Problem to solve:
Your response should contain every line from the data below that holds the string "Picture".

Records from a data collection
--------------------------------------------------

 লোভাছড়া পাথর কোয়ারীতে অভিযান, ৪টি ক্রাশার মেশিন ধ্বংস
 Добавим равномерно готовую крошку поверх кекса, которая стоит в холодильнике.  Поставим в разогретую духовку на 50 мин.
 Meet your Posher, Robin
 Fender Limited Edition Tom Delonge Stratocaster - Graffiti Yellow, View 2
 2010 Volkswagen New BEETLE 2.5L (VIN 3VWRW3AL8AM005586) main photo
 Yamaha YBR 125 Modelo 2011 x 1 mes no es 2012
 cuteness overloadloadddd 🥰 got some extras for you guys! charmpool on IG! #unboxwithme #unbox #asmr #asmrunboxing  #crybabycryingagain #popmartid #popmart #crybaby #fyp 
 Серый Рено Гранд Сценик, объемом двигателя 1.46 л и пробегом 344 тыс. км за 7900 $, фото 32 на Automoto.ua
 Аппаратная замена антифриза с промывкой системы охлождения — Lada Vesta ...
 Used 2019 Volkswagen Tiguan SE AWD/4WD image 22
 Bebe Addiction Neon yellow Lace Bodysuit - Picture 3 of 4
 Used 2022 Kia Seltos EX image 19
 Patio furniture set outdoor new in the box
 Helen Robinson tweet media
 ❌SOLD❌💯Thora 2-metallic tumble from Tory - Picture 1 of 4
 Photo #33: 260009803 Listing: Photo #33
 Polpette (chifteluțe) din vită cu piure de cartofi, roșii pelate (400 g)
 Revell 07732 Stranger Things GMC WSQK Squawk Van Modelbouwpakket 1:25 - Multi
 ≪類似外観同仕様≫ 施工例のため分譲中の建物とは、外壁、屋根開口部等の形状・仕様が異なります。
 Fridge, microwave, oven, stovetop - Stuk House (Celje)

--------------------------------------------------

Answer section:
 Bebe Addiction Neon yellow Lace Bodysuit - Picture 3 of 4
 ❌SOLD❌💯Thora 2-metallic tumble from Tory - Picture 1 of 4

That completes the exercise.